> [TASK STATEMENT]: Without any images, write the listing below out word for word.

> [GIVEN MATERIAL]:
##############################

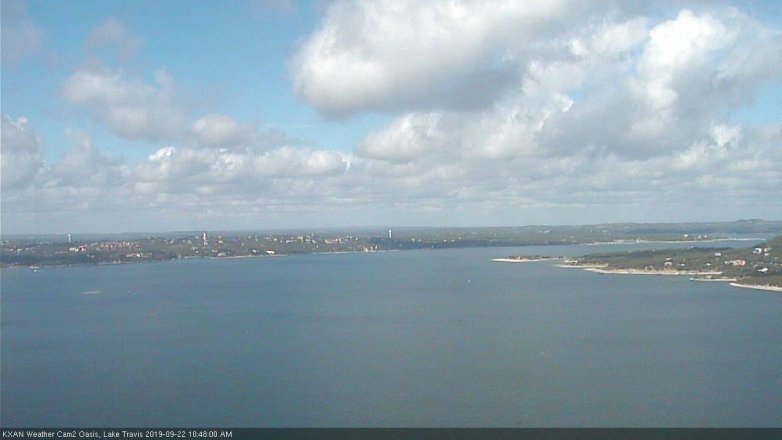 Lake Travis webcam, September 22, 2019 9:50 AM CT
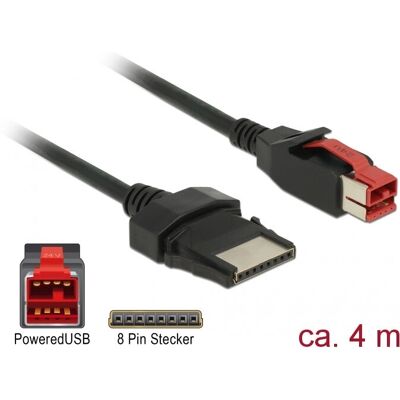 DeLock 85480 Stromkabel - 4m - Schwarz - Powered USB DeLock 85480 Stromkabel - 4m - Schwarz - Powered USB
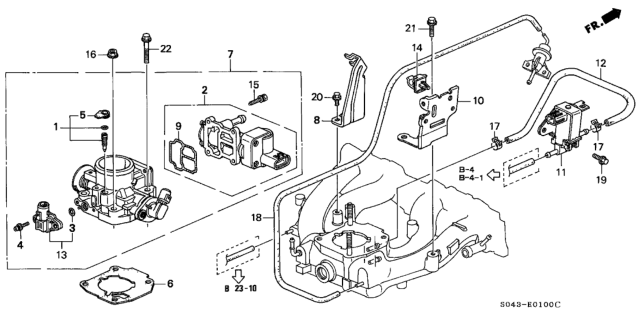 1996 Honda Civic Throttle Body Diagram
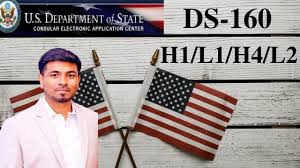ds 160 for new h1 l1 h4 l2 usa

##############################

> [EXPECTED ANSWER]:
 Lake Travis webcam, September 22, 2019 9:50 AM CT
 DeLock 85480 Stromkabel - 4m - Schwarz - Powered USB DeLock 85480 Stromkabel - 4m - Schwarz - Powered USB
 1996 Honda Civic Throttle Body Diagram
ds 160 for new h1 l1 h4 l2 usa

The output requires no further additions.